As America prepared for World War II, men from across the fruited plain descended upon Camp Claiborne in Forest Hill, Louisiana. Over 500,000 men trained there to find combat readiness to meet Hitler's war machine. In fact at one time, if it was a city, Camp Claiborne would have been the third largest city in Louisiana. My grandfather would find himself training to face the enemy in Louisiana, far from his home.
But my grandmother, who lived in nearby Oakdale, Louisiana, found herself at a USO dance at Camp Claiborne, and the rest, as they say, is history. They were married, my mom was born and my grandfather was in the Battle of the Bulge. After the war, my grandfather came back stateside and was the proprietor of The Kinder Supermarket. In addition to being an entrepreneur, Poppy was on the Town Council of Kinder, a leader in his church, active in the Rotary Club and a friend to all who knew him. He was a devoted husband, father, and grandfather. After Poppy's passing, my uncle John would manage the store and I would have the honor of doing so as well, celebrating its 50th anniversary.
The measuring stick. As I think about it, what an apt metaphor. I am biased, I know, but Poppy was a giant in the earth. In my eyes, he WAS a measuring stick. He had his faults, sure, but there was something about him that was different. I can recall him washing our hands as kids in the bathroom. He'd stop the drain in the sink and soap our hands. He didn't run the water as he didn't want to waste it. He would tell us that we were the best kids in the world. We weren't, not even close to it, but he told us that anyway.
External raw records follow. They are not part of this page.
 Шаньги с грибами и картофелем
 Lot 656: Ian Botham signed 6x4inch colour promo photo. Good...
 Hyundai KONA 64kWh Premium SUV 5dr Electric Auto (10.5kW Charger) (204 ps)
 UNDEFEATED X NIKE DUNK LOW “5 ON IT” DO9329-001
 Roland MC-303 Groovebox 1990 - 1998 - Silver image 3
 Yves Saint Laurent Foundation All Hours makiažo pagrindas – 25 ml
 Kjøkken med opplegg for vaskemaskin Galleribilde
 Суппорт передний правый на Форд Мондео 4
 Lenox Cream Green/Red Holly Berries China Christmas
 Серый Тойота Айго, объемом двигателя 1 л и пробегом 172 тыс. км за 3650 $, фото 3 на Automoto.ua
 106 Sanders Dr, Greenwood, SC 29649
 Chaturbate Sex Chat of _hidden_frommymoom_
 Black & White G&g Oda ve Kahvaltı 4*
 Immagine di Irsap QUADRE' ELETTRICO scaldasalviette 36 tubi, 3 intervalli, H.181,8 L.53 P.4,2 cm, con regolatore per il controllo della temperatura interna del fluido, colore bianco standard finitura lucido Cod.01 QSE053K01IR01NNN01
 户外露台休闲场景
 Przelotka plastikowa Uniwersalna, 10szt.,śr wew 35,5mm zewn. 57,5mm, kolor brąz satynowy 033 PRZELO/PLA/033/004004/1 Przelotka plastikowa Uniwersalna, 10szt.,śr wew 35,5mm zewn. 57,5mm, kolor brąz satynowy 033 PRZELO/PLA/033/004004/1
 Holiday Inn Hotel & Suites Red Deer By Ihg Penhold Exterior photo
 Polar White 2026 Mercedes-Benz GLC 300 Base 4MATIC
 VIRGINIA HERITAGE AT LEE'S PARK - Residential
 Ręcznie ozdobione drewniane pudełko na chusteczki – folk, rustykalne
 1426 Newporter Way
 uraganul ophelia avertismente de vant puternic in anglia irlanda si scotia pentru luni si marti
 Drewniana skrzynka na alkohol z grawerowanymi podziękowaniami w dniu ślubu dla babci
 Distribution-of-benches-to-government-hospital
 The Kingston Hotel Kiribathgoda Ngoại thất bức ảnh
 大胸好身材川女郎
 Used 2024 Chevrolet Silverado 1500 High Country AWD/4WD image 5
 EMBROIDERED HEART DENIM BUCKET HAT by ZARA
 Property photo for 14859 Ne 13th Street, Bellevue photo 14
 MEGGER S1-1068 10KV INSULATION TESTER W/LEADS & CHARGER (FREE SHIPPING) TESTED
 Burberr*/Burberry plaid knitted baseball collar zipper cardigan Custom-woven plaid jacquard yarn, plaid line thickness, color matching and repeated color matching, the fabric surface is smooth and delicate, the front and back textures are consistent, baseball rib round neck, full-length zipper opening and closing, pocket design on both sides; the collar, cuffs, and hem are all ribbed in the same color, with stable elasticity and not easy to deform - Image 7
He had a kind, giving nature to him. He gave many paper bags of groceries to people who needed it. He would pick up a man down the street that had cerebral palsy and drive him to church every Sunday morning. He would compost before composting was the thing to do, telling us that it took 100 years to create an inch of topsoil. That has always stuck with me. He taught us LOTS of things.
When things in the news shock me today, I dig my heels in. I don't want to go where this moral relativistic culture is trying to drag us. I often think "What would Poppy think about things going on today in culture, politics, public discourse?" There IS right and wrong. Poppy was a man who stood strong on his convictions of right and wrong. He was a man of great character and integrity. Faith and family were of utmost importance to him. I know this all sounds like cliché, but it was real. Most days I feel like I just don't measure up, but my grandfather was the real deal.